Material provided →

▬▬▬

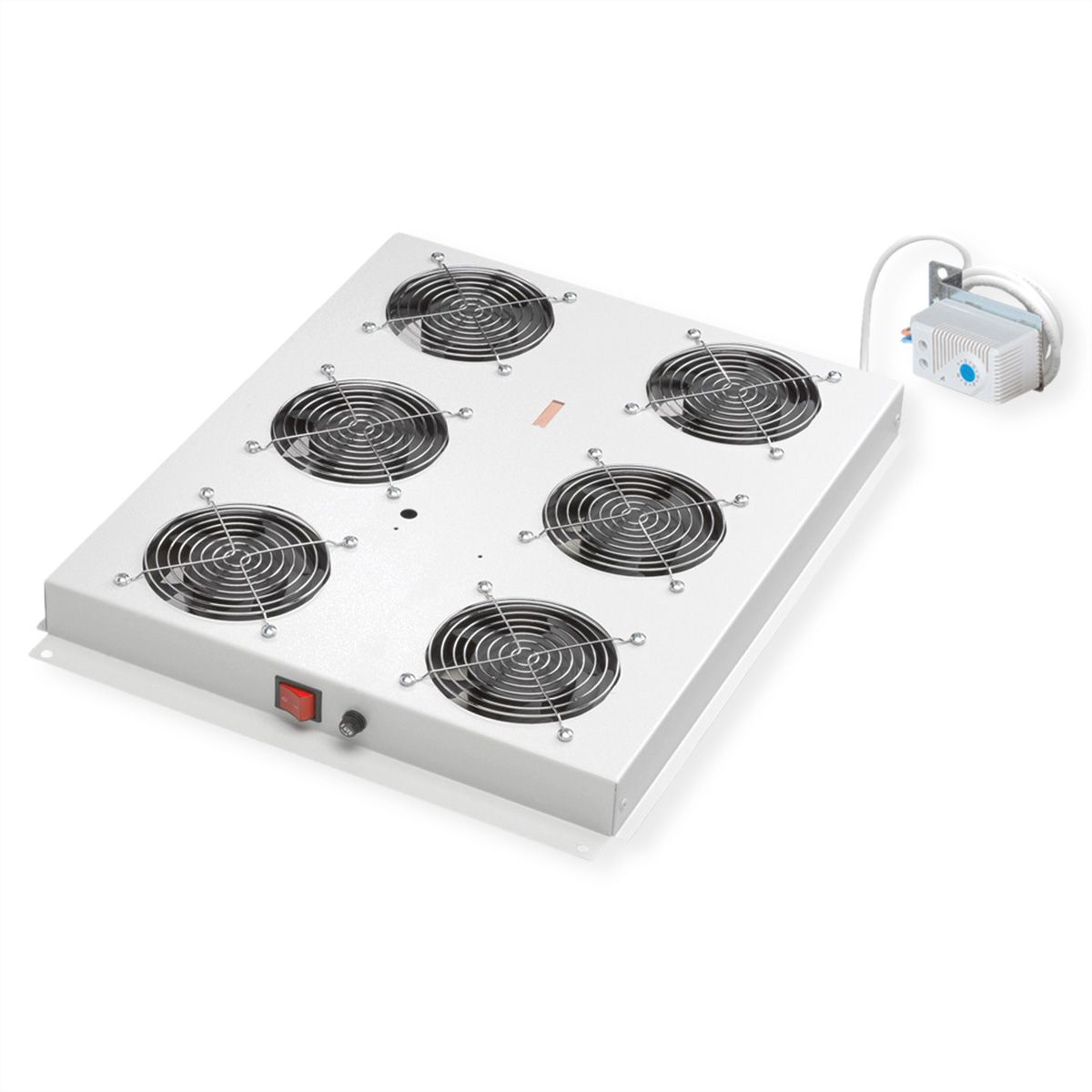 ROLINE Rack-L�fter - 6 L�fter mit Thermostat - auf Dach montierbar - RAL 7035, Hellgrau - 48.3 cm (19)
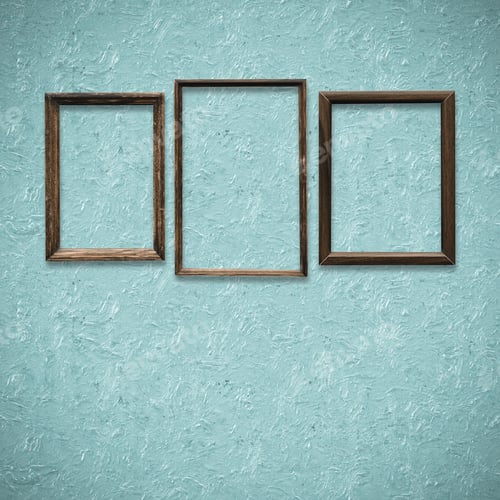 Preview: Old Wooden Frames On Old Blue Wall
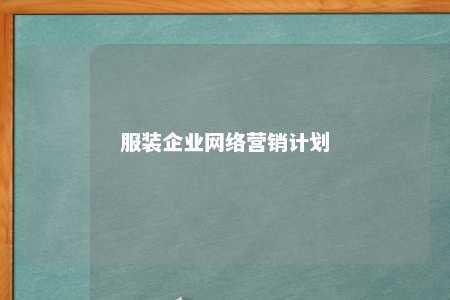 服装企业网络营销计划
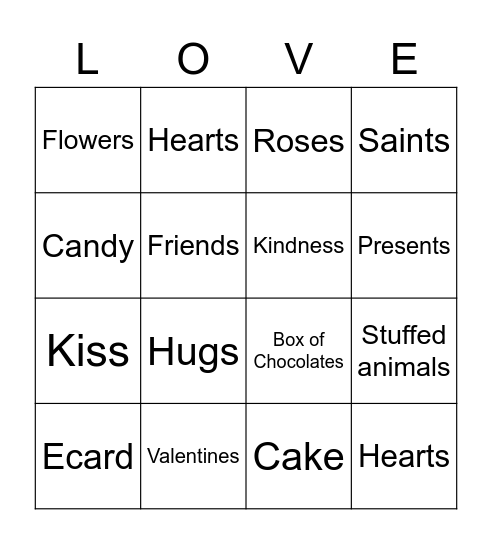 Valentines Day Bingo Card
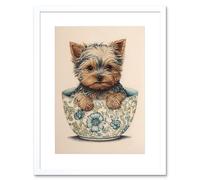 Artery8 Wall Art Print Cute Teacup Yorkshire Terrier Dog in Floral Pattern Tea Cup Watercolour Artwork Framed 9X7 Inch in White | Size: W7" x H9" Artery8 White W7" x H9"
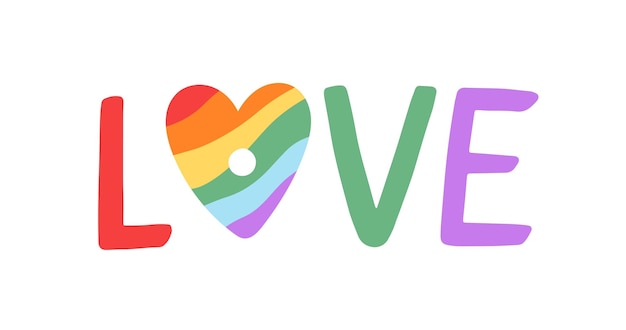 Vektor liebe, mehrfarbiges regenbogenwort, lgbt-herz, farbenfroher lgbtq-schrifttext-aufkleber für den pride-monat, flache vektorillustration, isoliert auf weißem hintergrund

▬▬▬

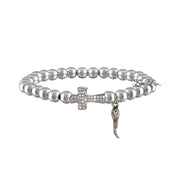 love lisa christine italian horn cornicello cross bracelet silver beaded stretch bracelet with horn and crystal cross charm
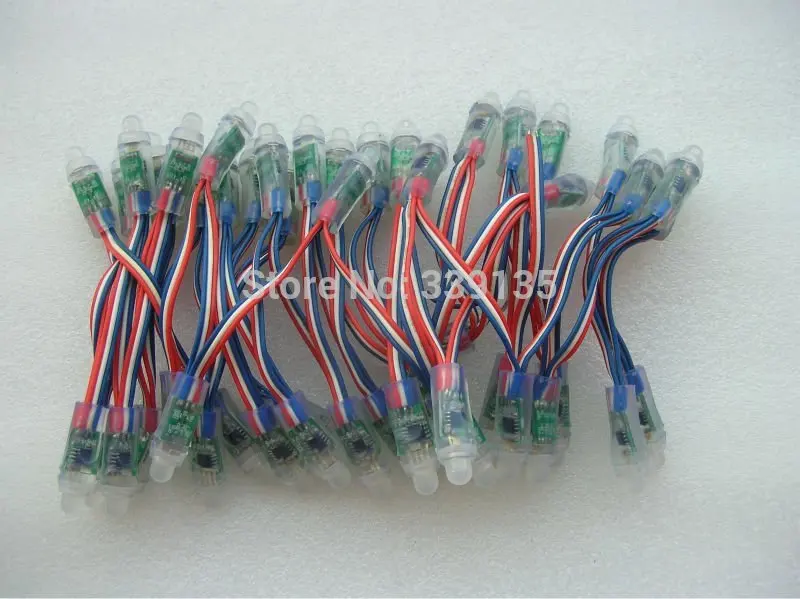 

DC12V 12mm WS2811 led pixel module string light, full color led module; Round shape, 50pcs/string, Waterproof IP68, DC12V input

▬▬▬

Task instructions → Of the lines above, copy only those from the one holding "love lisa christine" to the one holding "DC12V 12mm WS2811", both included, and exclude every image.

Answer space →
 love lisa christine italian horn cornicello cross bracelet silver beaded stretch bracelet with horn and crystal cross charm

DC12V 12mm WS2811 led pixel module string light, full color led module; Round shape, 50pcs/string, Waterproof IP68, DC12V input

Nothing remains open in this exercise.